MRI enhanced with gadolinium ethoxybenzyl diethylenetriamine pentaacetic acid -the scan referred to as “EOB MRI” - is significantly better than contrast-enhanced CT for assessing colorectal liver metastases that disappear after chemotherapy, according to a study published online March 22 in Radiology.

Photo: Superior to contrast CT for evaluating some here-and-gone metastases
Source: Shutterstock

Min Jung Park, MD, of Yonsei University in Seoul, South Korea, and co-authors describe their work reviewing the cases of 87 patients across eight hospitals who had at least one such metastasis that later disappeared on contrast-enhanced CT scans after chemotherapy and who subsequently underwent surgery for the metastases.

They anonymized the imaging data and radiology reports, then had four radiologists independently review the diagnostic materials.

Defining true absence of tumor as pathologic absence of tumor for resected lesions and no in situ recurrence within one year after surgery for lesions left unresected at each three-month follow-up contrast-enhanced CT, they found:

Among 393 colorectal liver metastases, the positive predictive value for absence of tumor on EOB MR images was significantly higher than that on contrast-enhanced CT scans—78.0 percent for the former vs. 35.2 percent for the latter.

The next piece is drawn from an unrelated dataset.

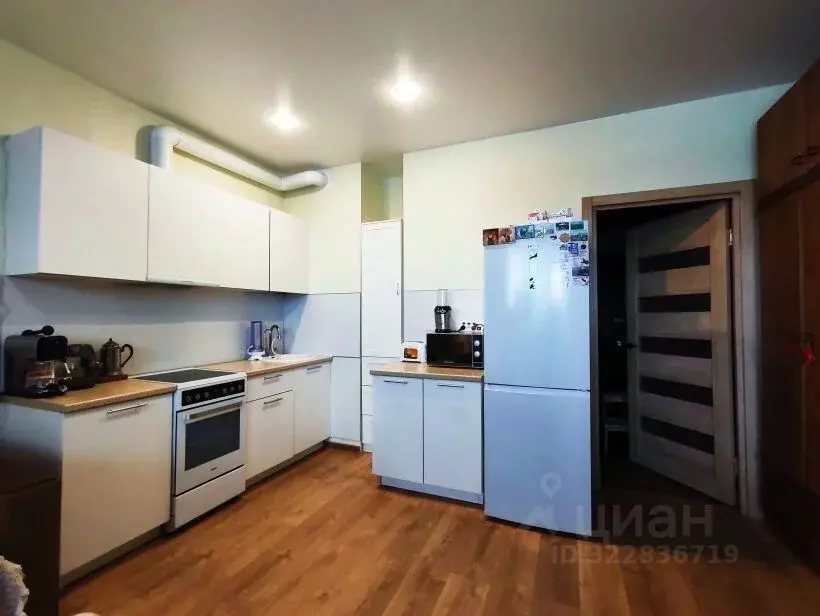 Студия Ленинградская область, Кудрово г. Всеволожский район, Заневское ... - Фото 1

At one year, disappearing liver metastasis on EOB MR imaging left in place without resection had much lower risk of recurrence (6.3 percent; one of 16 lesions) than that on CT imaging (31.4 percent; 11 of 35 lesions).

The positive predictive value for residual tumor on the CT scans was higher than that on EOB MR images, but not to a statistically significant degree.

In their discussion, the authors recommend that, after chemotherapy, colorectal metastasis “should be evaluated with EOB MR imaging rather than contrast-enhanced CT imaging, particularly when considering hepatic resection.”

EOB MR imaging “is more helpful than CT imaging in helping to solve dilemmas of whether disappearing lesions should be included in resections or left in place, especially when hepatic resectability is affected by a particular lesion,” they write.